Fig. 2. Zero-density lines.

Numerical derivative of the two-terminal conductance dG/dV_tg(V_tg, V_bg) for a device where the graphene layers are (A) separated by a thin hBN layer (sample A) or (B) in atomic vicinity but twisted by a large angle (sample B). Zero-density lines in the upper (yellow) and lower (red) graphene layers are obtained from numerical calculations. (C) Schematic electrostatic configuration of sample B. (D) Calculated integrated local density of states ILDOS(z) of p_z-like orbital of carbon atoms in graphene (red) and the induced charge density Δρ(z) ≔ ρ(0) − ρ(E_z) per carbon atom under an external electric field E_z. The geometry of graphene is shown on the background picture. The graphene sheet is placed at z = 0 and extends in the xy plane. Positions of black dotted lines mark the effective thickness of graphene calculated from the expectation value of the position operator $⟨z⟩=0.66 \mathrm{\AA }$. The blue shaded region shows the dielectric thickness of graphene extracted from the dielectric permittivity (19). (E) Comparison of Δρ(z) for bilayer graphene (BLG) in AA stacking configuration (gray line), AB Bernal (blue line), and twisted BLG (tBLG) (red line). The position of graphene layers is marked by vertical dashed lines, and the blue shaded regions depict the dielectric thickness of single-layer graphene. a.u., arbitrary units.

Fig. 3. Fabry-Pérot interference pattern.

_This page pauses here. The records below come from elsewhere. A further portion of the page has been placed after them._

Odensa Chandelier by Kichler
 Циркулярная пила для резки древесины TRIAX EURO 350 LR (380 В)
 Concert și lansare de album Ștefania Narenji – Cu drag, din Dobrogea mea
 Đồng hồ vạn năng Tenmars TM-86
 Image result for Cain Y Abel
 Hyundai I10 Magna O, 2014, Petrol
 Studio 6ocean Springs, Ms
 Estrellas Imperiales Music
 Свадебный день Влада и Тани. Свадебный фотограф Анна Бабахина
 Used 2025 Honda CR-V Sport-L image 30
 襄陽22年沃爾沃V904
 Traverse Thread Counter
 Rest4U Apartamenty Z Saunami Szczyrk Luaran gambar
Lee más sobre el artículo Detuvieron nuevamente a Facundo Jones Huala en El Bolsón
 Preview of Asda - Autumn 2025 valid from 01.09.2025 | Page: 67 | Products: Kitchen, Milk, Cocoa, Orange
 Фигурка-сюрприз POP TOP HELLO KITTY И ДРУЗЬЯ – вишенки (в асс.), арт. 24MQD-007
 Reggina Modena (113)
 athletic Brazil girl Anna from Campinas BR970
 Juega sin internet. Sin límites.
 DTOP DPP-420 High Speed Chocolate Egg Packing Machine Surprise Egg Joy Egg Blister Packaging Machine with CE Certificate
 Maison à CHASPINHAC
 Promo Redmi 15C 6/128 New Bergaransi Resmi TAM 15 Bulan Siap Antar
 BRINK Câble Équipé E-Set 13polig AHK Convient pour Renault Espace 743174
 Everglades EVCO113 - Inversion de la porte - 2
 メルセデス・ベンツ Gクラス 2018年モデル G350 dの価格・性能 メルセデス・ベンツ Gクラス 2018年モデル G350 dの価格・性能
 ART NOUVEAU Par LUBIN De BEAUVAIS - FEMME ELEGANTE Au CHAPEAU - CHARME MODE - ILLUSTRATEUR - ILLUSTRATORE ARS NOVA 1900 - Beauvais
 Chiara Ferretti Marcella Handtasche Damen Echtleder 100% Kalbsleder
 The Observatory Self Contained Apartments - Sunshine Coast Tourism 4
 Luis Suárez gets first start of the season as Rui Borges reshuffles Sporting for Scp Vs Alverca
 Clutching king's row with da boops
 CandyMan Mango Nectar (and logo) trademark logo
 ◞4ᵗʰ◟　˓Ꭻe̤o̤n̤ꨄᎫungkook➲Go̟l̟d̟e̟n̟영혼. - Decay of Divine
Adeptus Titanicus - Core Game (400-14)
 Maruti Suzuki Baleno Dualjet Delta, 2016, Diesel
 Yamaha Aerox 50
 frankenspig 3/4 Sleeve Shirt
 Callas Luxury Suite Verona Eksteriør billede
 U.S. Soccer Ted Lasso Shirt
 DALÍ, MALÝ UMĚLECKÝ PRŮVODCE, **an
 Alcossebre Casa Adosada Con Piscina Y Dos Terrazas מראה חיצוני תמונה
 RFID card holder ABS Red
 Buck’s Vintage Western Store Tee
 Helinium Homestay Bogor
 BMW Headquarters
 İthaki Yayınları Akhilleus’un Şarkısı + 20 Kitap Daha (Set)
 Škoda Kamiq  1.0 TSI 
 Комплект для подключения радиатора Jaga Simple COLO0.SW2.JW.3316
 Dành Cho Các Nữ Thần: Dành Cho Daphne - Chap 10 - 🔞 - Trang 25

Differential conductance dG/dV_tg(V_tg, V_bg) for gates of length (A) L = 190 nm and (B) L = 320 nm for sample B. (C) Sketches of the local density in the two Fabry-Pérot layers. Blue regions are p-doped, and red regions are n-doped. The sketches (1) to (4) show different gating configurations, marked correspondingly in (A). (D) As the difference in gate voltages increases, the energies in the top and bottom layers will shift by the interlayer energy difference U.

Fig. 4. Simulations.

(A) Numerically calculated layer density profiles n_t(x) (blue) and n_b(x) (red), shaped by a top gate with a size of 320 nm and a global back gate for sample A with an hBN spacer (left) and for sample B with a large-angle tBLG (right). The depicted gating condition is (V_tg, V_bg) = (5,5) V. The dashed lines show the classical result (neglecting the quantum capacitance). (B) Interlayer energy difference U(V_tg, V_bg). Zero-density lines are marked with yellow and red lines. (C) Numerical derivative of the calculated normalized conductance, ∂g/∂V_tg. Using the obtained n_t and n_b, the conductance g(V_tg, V_bg) of the top layer (top) and the bottom layer (bottom) are calculated individually using a real-space Green’s function approach. (D) The sum of the two differential conductances ∂g_tot/∂V_tg reproduces the experimental data in Fig. 3B.